オムロンは生産現場で熟練の作業者が担ってきたヒーターなどの温度パラメーター調整をAIで自動化する「温度調節器 E5CD/E5ED」と「包装機用温度センサー E52-CA AY S」を3日発売した。
温度調節器 E5CD/E5ED
独自の温度調整アルゴリズムを搭載し、これまで熟練作業者が、生産品目や材料配合の変更など生産状況の変化に合わせて、経験と勘を頼りに行ってきた温度パラメーター調整を自動的に行う、業界初の温度調節器。
常に最適な値に設定を自動更新することで、ヒーターの立ち上げ時間を短縮した。設備のシステム変更など環境変化によって、急な温度変化が発生しても、最適な値にパラメーターを調整するため、不良品の発生を抑制する。
「水冷出力調整機能」によって運転速度、材料配合、冷却水の変更など、システム変更に起因する、温度の揺れを常時把握し、自動的に抑制する。成形機が持つ生産能力を最大化できる。
包装機用温度センサー E52-CA AY S
包装材のシール面の温度を正確に測定できる包装機用温度センサーを新たに開発した。測定した値を基に、ヒーター温度の変動を抑制する「自動フィルタ調整機能」を搭載し、包装速度や包装材料の変更に伴う調整作業を大幅に削減する。

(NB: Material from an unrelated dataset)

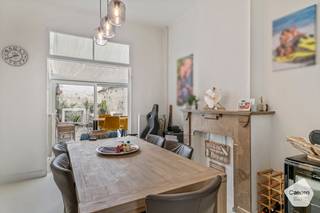 Deze <strong>centraal</strong> <strong>gelegen</strong> woning in Blankenberge, op <strong>wandelafstand</strong> van het <strong>strand</strong>, het <strong>station</strong> en de <strong>Grote</strong> <strong>Markt</strong>, is volledig <strong>instapklaar</strong>. De ruime en <strong>lichtrijke</strong> <strong>woning</strong> beschikt over een <strong>zuidgerichte</strong> <strong>koer </strong>van maar liefst <strong>25m2</strong>, ideaal om ten volle te genieten van zonnige dagen.<br /><br />Bij het binnenkomen van de <strong>leefruimte</strong> bevindt zich een <strong>open</strong> <strong>ingerichte</strong> <strong>keuken</strong> die perfect aansluit aan de <strong>landelijke</strong> <strong>karakter</strong> van het huis binnen in. Naast de leefruimte met de open keuken is er ook een toilet beschikbaar.<br /><br />Als je de eerste trap naar boven neemt zijn er <strong>twee</strong> <strong>ruime</strong> <strong>kamers</strong> te vinden. Daarnaast is er ook een <strong>badkamer</strong> aanwezig op het eerste verdiep met <strong>bad</strong>, <strong>douche</strong> en toilet. De volgende trap leidt zich toe tot aan de zolder waar er <strong>derde ruime slaapkamer </strong>te vinden is met een <strong>tweede</strong> <strong>badkamer</strong> dat zich beschikt over een <strong>douche</strong> en toilet.<br /><br />Een plus punt dat deze woning met zich meebrengt is dat er ook een <strong>kelder</strong> aanwezig is wat deze woning het nog <strong>unieker</strong> maakt. De woning is perfect geschikt voor als <strong>vaste</strong> <strong>woonst</strong> of als <strong>tweede</strong> <strong>verblijf</strong>. 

生産現場では、製品の多品種化によりモノづくりが複雑で高度になっているが、最適地生産の観点から新興国へ生産移管が進み、作業者の技能不足に起因する不良発生や生産性の低下が深刻になっている。
中でも、成形工程や包装工程では、生産品目の変更ごとに行うべき調整ができず、温度に起因する品質低下を避けるため、装置の運転速度を落としたり、検査に掛ける工数を増やしたりと、生産性を犠牲にしている。
そこで同社は、長年培った温度制御のノウハウを生かし、業界初となる「適応制御技術」をはじめ成形機や包装機向けの温度調整アルゴリズムを搭載した「E5CD/E5ED」を開発した。ヒーターの起動に合わせ常に最適な値にパラメーターを自動的に更新するなど、人手による調整作業を不要にしながら、各種装置の高速運転を実現し、生産性を低下することなく、品質を維持・向上する。